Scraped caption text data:
=== Section Start ===
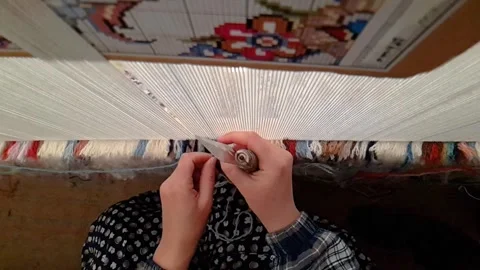 Cartoon pattern design of Persian Carpet rug in Iran and a woman is making Stock Footage 250064502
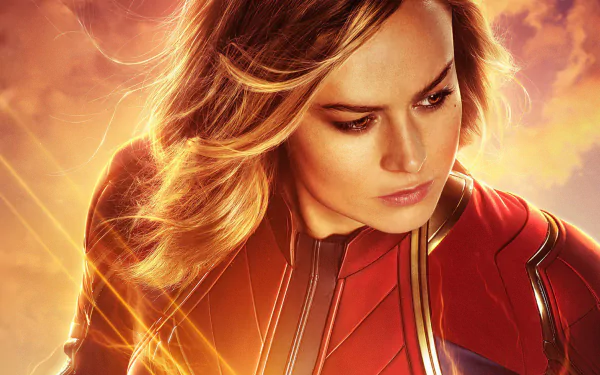 HD wallpaper featuring Brie Larson as Captain Marvel, dressed in a red superhero suit, her blonde hair flowing and brown eyes focused intently. Bright rays of light surround her, creating an intense atmosphere.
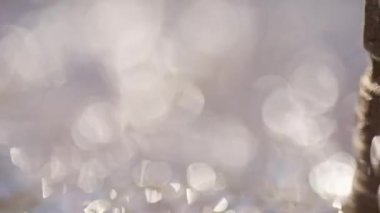 Odaklanmamış su yüzeyi güneşte parlıyor ve parlıyor. Parıldayan bir ışık yaratıyor.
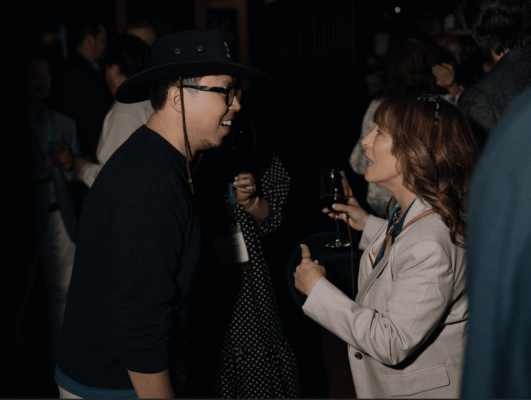 Two people converse at an indoor social event; one wears a hat and glasses, the other holds a glass of wine. Several others are visible in the background.
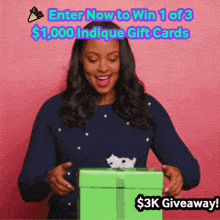 a woman in a blue sweater is holding a green gift box with the words enter now to win 1 of $ 1,000 inique gift cards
=== Section End ===
* **BRIEF**:
Omitting the pictures, repeat all entries exactly.

* **RESPONSE TO THE EXERCISE**:
 Cartoon pattern design of Persian Carpet rug in Iran and a woman is making Stock Footage 250064502
 HD wallpaper featuring Brie Larson as Captain Marvel, dressed in a red superhero suit, her blonde hair flowing and brown eyes focused intently. Bright rays of light surround her, creating an intense atmosphere.
 Odaklanmamış su yüzeyi güneşte parlıyor ve parlıyor. Parıldayan bir ışık yaratıyor.
 Two people converse at an indoor social event; one wears a hat and glasses, the other holds a glass of wine. Several others are visible in the background.
 a woman in a blue sweater is holding a green gift box with the words enter now to win 1 of $ 1,000 inique gift cards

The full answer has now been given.